▼▼▼

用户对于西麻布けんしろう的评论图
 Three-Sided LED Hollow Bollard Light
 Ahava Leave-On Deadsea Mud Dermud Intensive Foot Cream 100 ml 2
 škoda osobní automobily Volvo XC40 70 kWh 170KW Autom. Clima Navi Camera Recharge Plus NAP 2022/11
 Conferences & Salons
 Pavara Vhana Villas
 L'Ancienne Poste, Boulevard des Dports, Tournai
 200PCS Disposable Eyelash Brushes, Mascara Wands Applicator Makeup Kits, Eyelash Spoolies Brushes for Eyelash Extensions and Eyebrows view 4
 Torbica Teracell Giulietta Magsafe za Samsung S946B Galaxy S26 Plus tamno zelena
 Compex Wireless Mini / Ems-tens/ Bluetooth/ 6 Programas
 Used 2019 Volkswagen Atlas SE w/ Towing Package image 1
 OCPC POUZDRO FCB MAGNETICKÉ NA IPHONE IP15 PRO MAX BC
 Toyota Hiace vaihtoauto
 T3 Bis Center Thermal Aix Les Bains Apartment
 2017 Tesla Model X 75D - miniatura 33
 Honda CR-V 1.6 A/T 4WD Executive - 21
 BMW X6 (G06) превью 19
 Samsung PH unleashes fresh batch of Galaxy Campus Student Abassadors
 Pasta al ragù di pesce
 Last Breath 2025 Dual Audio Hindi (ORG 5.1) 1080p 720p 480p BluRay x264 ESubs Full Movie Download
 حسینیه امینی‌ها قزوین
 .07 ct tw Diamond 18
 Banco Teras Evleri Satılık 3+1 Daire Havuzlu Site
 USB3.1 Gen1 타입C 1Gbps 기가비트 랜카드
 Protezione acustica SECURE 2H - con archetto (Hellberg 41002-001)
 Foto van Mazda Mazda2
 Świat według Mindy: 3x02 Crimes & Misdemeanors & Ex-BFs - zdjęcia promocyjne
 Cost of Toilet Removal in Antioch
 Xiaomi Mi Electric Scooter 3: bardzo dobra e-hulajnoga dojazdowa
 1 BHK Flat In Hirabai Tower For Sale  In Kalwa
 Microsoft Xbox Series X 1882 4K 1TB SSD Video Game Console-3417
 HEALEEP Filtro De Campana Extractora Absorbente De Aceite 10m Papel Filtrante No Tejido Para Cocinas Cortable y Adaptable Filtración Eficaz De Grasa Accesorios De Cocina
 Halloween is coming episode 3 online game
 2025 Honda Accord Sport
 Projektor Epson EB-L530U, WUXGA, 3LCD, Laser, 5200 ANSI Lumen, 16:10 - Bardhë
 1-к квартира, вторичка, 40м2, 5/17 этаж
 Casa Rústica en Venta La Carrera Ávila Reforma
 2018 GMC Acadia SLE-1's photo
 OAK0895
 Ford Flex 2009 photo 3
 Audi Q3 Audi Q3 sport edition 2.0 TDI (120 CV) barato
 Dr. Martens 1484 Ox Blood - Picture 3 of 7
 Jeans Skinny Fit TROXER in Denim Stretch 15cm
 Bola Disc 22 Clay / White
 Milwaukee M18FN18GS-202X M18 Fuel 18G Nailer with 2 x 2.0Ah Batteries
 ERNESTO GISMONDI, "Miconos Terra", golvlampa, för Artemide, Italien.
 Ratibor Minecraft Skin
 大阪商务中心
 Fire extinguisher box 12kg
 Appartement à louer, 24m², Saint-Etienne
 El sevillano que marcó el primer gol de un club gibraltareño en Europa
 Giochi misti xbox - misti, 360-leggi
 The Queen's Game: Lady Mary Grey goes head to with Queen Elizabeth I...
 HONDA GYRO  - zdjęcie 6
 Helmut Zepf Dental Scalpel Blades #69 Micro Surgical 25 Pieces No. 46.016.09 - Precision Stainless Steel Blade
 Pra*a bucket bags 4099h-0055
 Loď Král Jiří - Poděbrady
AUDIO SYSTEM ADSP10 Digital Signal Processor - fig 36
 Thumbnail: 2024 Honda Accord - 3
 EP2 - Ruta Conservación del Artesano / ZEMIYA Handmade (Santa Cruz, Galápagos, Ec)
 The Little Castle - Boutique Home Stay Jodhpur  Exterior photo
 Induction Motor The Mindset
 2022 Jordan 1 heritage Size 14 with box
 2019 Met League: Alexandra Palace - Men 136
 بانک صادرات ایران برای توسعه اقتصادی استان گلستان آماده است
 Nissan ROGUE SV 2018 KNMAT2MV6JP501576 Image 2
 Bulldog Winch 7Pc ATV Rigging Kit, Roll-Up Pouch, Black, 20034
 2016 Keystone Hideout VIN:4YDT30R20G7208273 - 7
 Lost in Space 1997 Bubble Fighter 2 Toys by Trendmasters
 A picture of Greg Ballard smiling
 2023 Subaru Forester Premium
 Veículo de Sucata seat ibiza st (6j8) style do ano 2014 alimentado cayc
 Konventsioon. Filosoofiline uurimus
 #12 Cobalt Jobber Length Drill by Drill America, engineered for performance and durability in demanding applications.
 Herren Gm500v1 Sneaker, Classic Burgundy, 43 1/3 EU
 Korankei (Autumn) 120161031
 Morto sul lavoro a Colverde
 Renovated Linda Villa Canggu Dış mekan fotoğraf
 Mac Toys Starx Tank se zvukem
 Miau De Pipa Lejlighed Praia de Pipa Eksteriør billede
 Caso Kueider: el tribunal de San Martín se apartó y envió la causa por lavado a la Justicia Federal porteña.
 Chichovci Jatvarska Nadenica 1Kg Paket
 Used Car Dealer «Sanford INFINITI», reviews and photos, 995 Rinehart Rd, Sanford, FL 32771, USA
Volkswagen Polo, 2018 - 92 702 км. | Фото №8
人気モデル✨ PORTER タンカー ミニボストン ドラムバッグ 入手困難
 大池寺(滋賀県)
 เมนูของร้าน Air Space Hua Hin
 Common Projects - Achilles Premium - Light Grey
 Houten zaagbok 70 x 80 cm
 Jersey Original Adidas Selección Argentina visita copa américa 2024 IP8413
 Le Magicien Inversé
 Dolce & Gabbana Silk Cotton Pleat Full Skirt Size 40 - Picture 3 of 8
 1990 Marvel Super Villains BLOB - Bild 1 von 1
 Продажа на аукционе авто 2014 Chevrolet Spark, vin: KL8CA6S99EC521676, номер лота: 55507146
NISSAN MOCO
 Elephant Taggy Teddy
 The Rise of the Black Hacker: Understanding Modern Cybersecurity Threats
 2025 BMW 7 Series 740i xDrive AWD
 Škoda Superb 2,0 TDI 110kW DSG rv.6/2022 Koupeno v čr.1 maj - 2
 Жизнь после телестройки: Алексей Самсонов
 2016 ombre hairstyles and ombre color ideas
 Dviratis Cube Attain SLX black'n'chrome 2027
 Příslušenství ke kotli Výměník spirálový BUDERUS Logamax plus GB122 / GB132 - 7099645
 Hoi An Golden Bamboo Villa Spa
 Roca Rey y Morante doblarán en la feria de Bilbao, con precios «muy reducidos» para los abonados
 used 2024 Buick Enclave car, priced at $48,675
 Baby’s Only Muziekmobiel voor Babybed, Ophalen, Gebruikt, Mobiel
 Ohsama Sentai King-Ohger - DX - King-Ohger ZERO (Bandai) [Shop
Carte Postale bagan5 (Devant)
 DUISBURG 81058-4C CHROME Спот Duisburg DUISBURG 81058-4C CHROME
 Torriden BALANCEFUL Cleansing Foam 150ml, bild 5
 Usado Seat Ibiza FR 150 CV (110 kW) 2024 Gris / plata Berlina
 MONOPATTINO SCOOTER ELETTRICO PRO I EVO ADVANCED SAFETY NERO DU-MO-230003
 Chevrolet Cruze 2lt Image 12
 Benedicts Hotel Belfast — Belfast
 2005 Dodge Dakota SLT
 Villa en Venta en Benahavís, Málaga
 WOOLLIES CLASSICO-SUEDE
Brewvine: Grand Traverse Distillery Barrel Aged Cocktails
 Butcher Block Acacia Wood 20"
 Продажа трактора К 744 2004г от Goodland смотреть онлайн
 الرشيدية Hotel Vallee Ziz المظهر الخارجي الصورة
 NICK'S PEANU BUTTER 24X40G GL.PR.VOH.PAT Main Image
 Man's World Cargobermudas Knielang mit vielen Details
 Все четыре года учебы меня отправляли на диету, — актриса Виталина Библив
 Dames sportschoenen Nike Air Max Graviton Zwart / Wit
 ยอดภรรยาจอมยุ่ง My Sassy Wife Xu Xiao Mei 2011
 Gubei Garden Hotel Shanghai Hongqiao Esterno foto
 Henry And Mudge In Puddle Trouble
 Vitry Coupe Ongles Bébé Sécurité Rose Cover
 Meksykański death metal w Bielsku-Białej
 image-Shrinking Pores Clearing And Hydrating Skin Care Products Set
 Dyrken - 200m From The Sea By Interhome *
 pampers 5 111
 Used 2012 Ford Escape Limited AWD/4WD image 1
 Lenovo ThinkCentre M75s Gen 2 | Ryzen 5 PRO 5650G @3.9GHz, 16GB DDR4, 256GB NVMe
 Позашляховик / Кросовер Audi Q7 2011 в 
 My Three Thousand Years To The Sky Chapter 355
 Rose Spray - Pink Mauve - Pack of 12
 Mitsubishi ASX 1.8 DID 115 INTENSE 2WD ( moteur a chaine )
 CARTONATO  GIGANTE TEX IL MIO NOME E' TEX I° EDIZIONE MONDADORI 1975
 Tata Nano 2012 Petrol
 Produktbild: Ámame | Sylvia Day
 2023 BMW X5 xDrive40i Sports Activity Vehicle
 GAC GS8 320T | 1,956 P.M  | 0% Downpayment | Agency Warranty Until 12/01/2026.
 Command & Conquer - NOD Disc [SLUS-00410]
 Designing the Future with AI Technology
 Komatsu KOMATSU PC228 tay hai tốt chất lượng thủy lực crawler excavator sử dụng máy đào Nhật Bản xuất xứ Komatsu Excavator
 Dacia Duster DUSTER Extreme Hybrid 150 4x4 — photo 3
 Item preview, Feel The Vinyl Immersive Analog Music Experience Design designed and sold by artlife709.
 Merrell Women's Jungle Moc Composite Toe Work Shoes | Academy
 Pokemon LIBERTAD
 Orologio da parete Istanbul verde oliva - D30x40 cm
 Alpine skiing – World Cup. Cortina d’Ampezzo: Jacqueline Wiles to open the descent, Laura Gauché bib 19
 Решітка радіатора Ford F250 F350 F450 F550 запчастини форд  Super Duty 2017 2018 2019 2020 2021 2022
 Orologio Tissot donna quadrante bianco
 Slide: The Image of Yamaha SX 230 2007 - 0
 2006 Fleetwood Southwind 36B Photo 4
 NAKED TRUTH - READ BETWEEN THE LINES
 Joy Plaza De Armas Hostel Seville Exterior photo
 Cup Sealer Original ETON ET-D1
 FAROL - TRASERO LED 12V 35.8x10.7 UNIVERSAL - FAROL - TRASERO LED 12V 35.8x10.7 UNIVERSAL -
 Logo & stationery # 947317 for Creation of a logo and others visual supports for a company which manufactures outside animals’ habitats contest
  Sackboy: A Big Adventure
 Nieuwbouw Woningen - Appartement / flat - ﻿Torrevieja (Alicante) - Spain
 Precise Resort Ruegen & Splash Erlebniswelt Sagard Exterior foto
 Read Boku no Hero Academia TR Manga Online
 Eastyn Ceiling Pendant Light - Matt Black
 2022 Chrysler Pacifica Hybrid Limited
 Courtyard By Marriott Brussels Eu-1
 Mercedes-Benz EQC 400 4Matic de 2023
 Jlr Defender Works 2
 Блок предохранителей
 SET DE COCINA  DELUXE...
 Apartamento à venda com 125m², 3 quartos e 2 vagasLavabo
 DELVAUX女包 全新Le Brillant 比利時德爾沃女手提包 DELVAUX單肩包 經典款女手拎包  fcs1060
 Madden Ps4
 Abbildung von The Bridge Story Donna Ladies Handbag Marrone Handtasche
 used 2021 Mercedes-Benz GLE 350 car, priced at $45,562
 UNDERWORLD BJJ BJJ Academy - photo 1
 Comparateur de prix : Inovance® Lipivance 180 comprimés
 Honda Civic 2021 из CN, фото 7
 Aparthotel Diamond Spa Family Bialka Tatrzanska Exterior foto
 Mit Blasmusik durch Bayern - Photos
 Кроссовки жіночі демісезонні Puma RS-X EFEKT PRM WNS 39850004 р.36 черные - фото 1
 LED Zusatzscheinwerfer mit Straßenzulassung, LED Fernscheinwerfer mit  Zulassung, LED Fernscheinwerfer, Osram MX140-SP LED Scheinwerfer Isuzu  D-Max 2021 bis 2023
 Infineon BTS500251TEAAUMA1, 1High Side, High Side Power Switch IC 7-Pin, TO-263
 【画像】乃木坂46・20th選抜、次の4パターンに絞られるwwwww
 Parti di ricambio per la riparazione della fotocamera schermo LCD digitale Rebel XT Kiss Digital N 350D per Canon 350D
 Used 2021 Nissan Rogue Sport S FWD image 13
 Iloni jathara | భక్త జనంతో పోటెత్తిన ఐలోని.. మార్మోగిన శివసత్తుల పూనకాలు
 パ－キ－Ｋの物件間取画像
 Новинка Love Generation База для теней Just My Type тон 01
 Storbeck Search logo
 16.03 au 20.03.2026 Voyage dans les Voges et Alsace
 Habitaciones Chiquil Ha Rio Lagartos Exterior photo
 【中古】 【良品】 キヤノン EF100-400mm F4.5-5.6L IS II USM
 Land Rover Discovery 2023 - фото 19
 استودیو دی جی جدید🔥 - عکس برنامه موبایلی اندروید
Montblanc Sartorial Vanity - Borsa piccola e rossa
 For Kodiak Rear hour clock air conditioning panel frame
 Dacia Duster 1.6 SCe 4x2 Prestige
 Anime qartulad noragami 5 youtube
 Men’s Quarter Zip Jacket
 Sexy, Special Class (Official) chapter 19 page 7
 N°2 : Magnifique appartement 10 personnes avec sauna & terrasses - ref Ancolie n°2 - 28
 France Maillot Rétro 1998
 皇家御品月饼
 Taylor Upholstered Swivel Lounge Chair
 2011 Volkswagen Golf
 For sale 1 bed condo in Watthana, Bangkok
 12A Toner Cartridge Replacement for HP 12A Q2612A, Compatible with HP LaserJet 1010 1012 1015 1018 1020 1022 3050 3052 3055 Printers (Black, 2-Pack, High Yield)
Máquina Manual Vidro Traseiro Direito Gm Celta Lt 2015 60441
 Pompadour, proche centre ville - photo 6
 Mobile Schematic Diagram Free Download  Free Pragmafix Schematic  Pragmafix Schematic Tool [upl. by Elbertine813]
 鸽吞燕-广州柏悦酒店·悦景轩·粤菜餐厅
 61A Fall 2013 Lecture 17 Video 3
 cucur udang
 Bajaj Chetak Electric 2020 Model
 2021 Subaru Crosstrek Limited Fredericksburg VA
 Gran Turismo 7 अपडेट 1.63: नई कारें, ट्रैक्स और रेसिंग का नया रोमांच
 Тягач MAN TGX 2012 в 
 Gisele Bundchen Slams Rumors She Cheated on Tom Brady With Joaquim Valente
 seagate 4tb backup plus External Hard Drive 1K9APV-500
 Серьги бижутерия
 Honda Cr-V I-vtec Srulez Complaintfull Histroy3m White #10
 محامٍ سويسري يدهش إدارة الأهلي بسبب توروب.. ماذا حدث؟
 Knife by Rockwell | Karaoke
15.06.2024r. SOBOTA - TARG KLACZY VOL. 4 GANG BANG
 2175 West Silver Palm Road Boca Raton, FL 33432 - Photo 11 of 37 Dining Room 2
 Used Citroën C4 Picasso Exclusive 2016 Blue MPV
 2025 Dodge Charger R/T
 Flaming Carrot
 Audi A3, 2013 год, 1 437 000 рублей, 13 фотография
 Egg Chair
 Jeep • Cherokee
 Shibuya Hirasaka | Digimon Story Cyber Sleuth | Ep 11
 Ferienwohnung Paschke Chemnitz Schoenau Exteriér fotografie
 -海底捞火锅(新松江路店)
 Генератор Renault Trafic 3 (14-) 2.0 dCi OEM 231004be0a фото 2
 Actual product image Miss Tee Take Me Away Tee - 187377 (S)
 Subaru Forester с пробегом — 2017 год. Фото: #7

▲▲▲

Problem to work on
Your reply should hold all the lines from the listing above in which "logo" appears.

Answer to the problem
 Logo & stationery # 947317 for Creation of a logo and others visual supports for a company which manufactures outside animals’ habitats contest
 Storbeck Search logo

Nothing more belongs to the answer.